Pros
The people you work with at the ground level are genuinely great for the most part, with strong collaboration and camaraderie despite the broader environment. There will always be a few exceptions, but overall the peer group is a highlight. Employees at HQ get access to a toy discount, which is a nice perk. There’s also something meaningful about working with such iconic, legacy brands. It brings a sense of nostalgia and pride that’s hard to find elsewhere.
Cons
Everyone wants to blame the CEO. And honestly, that’s fair. The approval ratings speak for themselves. The “Playing to Win” narrative sounds great in interviews and LinkedIn posts, but inside the company it feels completely disconnected from reality. The tone at the top is cold, corporate, and out of touch. Forcing employees back into the office while signaling a preference for “younger, smarter talent” sends a pretty clear message about how current employees are viewed. But the real problem isn’t just at the top. It’s the layer right beneath it. Mid-level management is where Hasbro truly breaks down. These are the people employees deal with every day, and too many of them are focused on climbing the ladder instead of supporting their teams. If you challenge ideas, think differently, or don’t fall in line, you’re not seen as valuable. You’re seen as a problem. Conformity wins here, not performance. The culture is driven by politics and cliques. If you’re not in the right circle, you feel it immediately.
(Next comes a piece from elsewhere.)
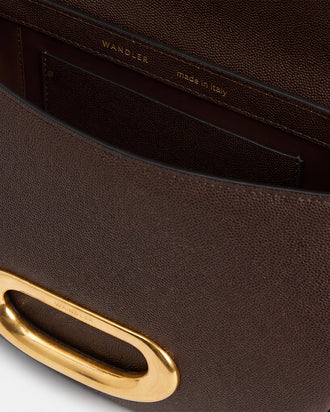 Wandler Veneto Crossbody Bag in Soil Caviar calf leather with oversized golden clasp hardware and structured silhouette, pictured from above with the flap open, giving a glimpse of the inside.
People operate carefully, constantly reading the room, waiting for the next reorg or layoff to hit. And those layoffs come often. Large ones, smaller ones, ongoing uncertainty. It’s become part of the rhythm of the company. Even the small things that made work more enjoyable have been stripped away over time. Benefits that once signaled trust and flexibility are gone, replaced with tighter control and less transparency. What’s most frustrating is that managers should be clearing the path for their teams. Instead, many are creating more obstacles. Progress slows, morale drops, and people burn out. So people are leaving. Not because they have to, but because they want to. Talented, capable employees are walking away from a culture that doesn’t support them. If you’re a high performer looking to do great work and be recognized for it, this is probably not the place. Success here often depends more on fitting in than standing out. And for anyone considering joining because they think they’ll be part of that “younger, smarter talent” wave, it’s worth taking a hard look before making the jump. The company doesn’t just need change at the top. It needs a serious reset in the middle.